Steady Viscous Flow Between Two Porous Disks With Stretching Motion

[+] Author and Article Information
Tiegang Fang

Mechanical and Aerospace Engineering Department,
North Carolina State University,
911 Oval Drive–3246 EBIII,
Campus Box 7910,
Raleigh, NC 27695
e-mail: tfang2@ncsu.edu

Xin He

Center for Combustion Energy and
State Key Laboratory of Automotive
Safety and Energy,
Tsinghua University,
Beijing 100084, China
e-mail: hexin.tsinghua@gmail.com

1Corresponding author.

Contributed by the Fluids Engineering Division of ASME for publication in the JOURNAL OF FLUIDS ENGINEERING. Manuscript received June 28, 2014; final manuscript received June 4, 2015; published online August 10, 2015. Assoc. Editor: Samuel Paolucci.
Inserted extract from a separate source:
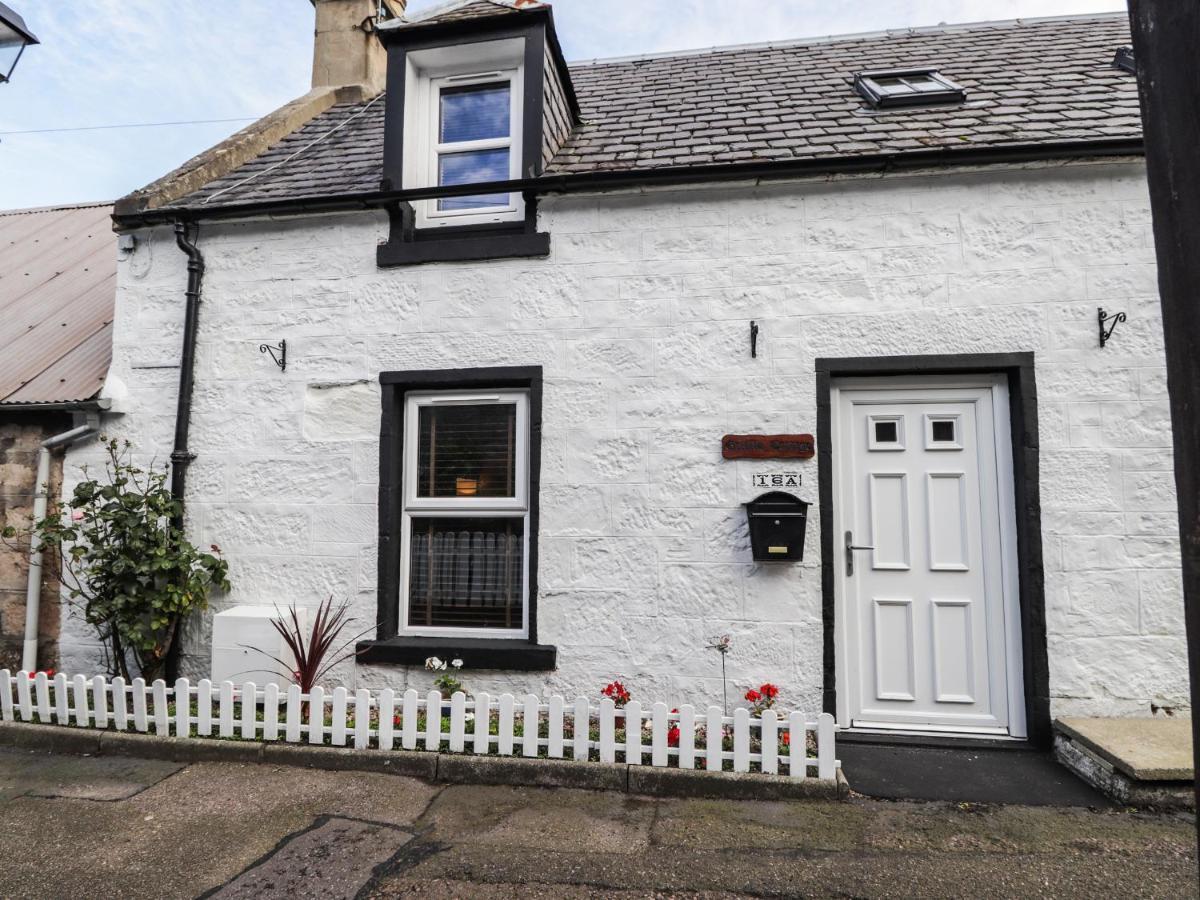 Griffin Cottage 奈恩 外观 照片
J. Fluids Eng 138(1), 011201 (Aug 10, 2015) (7 pages) Paper No: FE-14-1337; doi: 10.1115/1.4030805 History: Received June 28, 2014

In this work, an exact solution to the steady-state Navier–Stokes (NS) equations is presented for viscous flows between two stretchable disks with mass transpiration effects. The governing momentum equations were converted into an ordinary differential equation by a similarity transformation technique. The similarity equation was solved numerically and the effects of Reynolds number and the mass transpiration parameter were investigated. At very low Reynolds numbers (i.e., R 0), a creeping flow was observed with a parabolic radial velocity profile and a cubic function profile for the vertical velocity. With the increase of the Reynolds number, the flow shows a boundary layer behavior near the wall with a constant velocity core flow in the centerline region between the two disks for mass suction or lower mass injection. The effects of the mass transpiration on the flow are quite different and interesting. With strong suction, the radial profiles also show boundary layer type characteristics with a core flow. But for large mass injection, the radial velocity approaches to a linear profile under higher Reynolds number. These results are a rare case of an exact solution to the NS equations and are useful as a benchmark problem for the validation of three-dimensional (3D) numerical computation code.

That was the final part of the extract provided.